脳天気に正義を振りかざす変身ヒーローの中で、幼い頃、両親を目の前で殺されるというトラウマをもつ BATMAN は、心に闇を抱えコウモリに魅せられ、悪という存在の根絶を誓う。如何にして、ブルース・ウェインが BATMAN になっていくのか?が描かれるのが、本作 『 BATMAN BEGINS 』 だ。

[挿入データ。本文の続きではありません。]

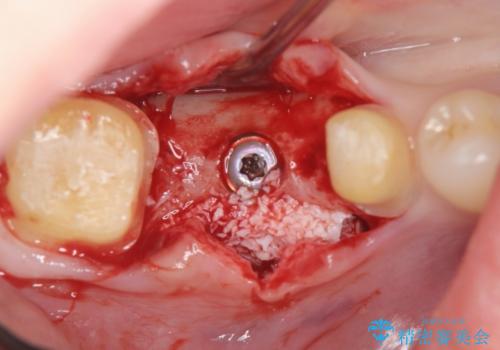 臼歯インプラント補綴の治療中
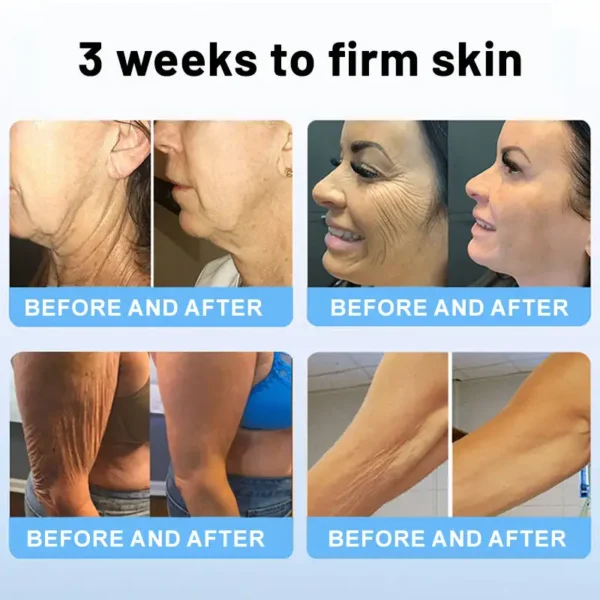 🍁✨Furzero® Oligopeptide-Infused Skin Firming Cream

けっして超絶的な能力の持ち主=スーパーヒーローにしないという意味で、『 SPIDERMAN 』 でも見られるこの等身大のヒーロー像という人物描写は、この 『 BATMAN BEGINS 』 でも健在だ。如何にして BATMAN のスーツが作られるのか?如何にして BATMOBILE が登場するのか?といったエピソードがゴッサムシティの街並みと合わせて、過去のどの BATMAN シリーズよりも現実味を帯びたものになっている。( BATMAN のマスクの耳部分が中国の企業に外注に出しているというのには笑ってしまった ) だが、ブルース・ウェインが武者修行するヒマラヤ?麓に渡辺謙 率いる忍者集団?がいたりして、やってしまった感漂うこのシチュエーションに興味を削がれる冒頭30分だった・・・リーアム・ニーソン、またこんな役(武術指南役)かよ。

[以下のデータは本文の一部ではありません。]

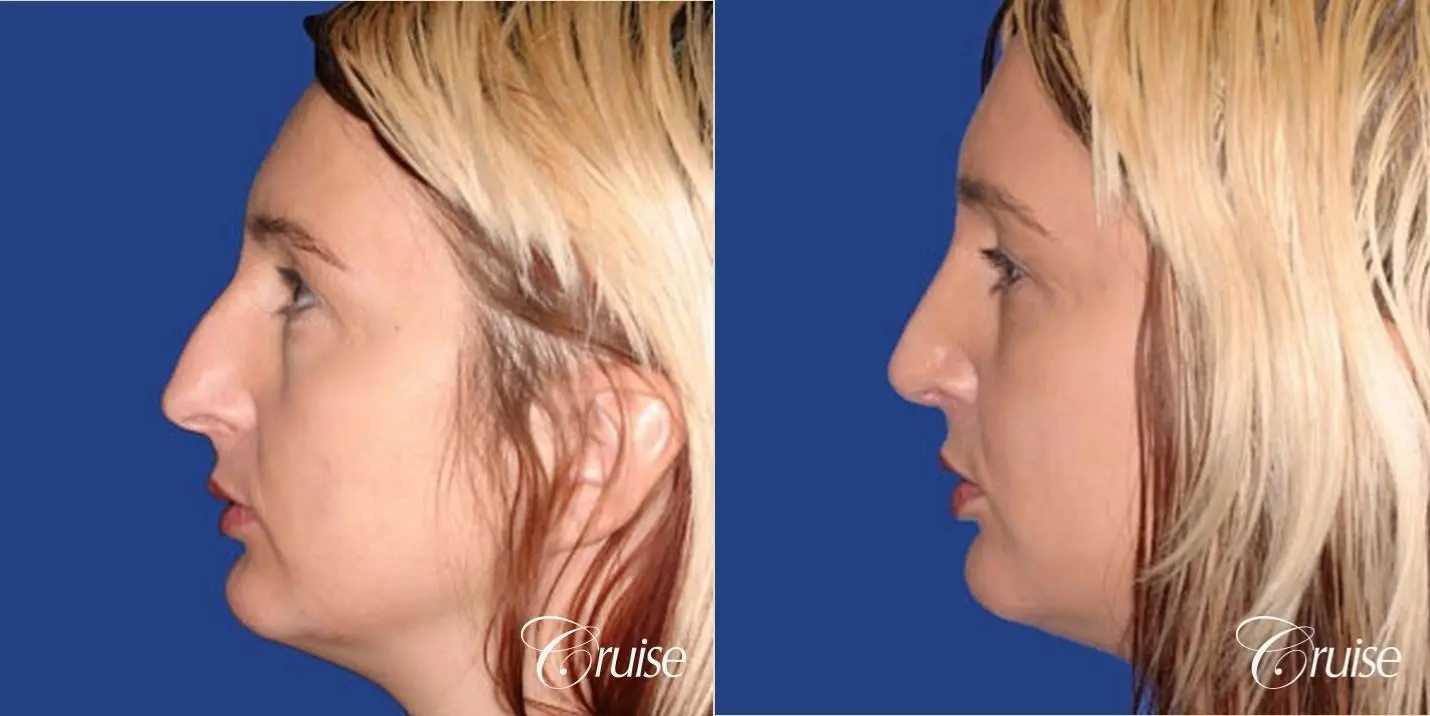 Rhinoplasty - Before and After 2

当初、空を飛べない BATMAN は、夜な夜な真っ黒なスーツに身を包み壁の配管をよじ登って、敵のアジト?を偵察する。ベランダに出てみたら、真っ黒いスーツにコスプレしたおっさんが、上の階の部屋を覗き見てるのは、変質者以外の何者でもないのだが・・・初期の BATMAN は、「 颯爽 」 という言葉とは程遠いのだった。
もともと、心に闇を抱えるダークヒーローというティム・バートン版 『 BATMAN 』 が結構好きだったこともあり・・・アクション面でいえば、『 SPIDERMAN 』 のビルからビルへと飛び回るスパイダーアクションの気持ちよさにも届かず、いささか期待はずれな出来だった。